The average museumgoer in the US, Canada, and Mexico spends $7.93 during her visit (the average museumgoer must not be in New York City), while the museum spends $53.17 on her, according to the Association of Art Museum Directors (AAMD). The figures come from the AAMD’s first annual “Art Museums By the Numbers” report, for which the organization surveyed member institutions to create a data portrait of museums in 2014.
The report is brief, and the information therein not especially extensive or detailed. But there are interesting factoids, including the statement that “individual philanthropy — whether through membership programs or in the form of individual and family donations — remains the strongest source of support for art museums in the US.” A larger breakdown of US, Canadian, and Mexican museums shows that philanthropy comprises the largest chunk of the average institution’s revenue — 33% — followed by endowment income at 21%. Government support of some kind accounts for 18%, while admissions make up only 7% — a low figure that seems to underline the argument for doing away with entry fees altogether and making museums free.
Another figure reinforces the takeaway that many public museums in the US, Canada, and Mexico are highly reliant on private individuals (and their tastes): the surveyed institutions purchased a total 12,197 objects in 2013; they received, either as donations or bequests, 73,813. That’s six times as many gifts as purchases.

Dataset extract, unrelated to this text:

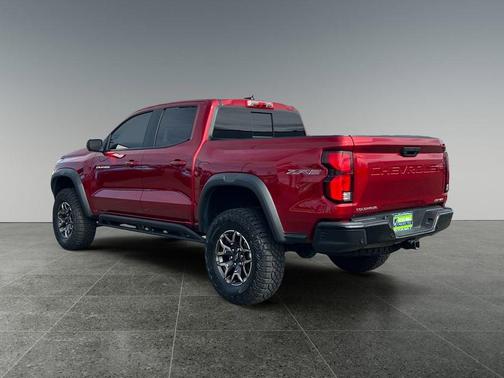 Radiant Red Tintcoat 2025 Chevrolet Colorado ZR2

In total, the AAMD found that nearly 61.5 million people visited 220 member museums across the three countries in 2014 — a statistic that sounds robust enough, although it’s hard to know what it means without anything to compare it to (the most recent National Arts Index pegged US art museum attendance in 2012 at roughly 31 million). The report also tallies the total members of those museums at 1.9 million, a figure that seems high, AAMD Executive Director Chris Anagnos told ARTnews. “Art Museums By the Numbers” is intriguing in this way, suggesting good tidings for the institutions it represents, but it will be even more useful when it has more context.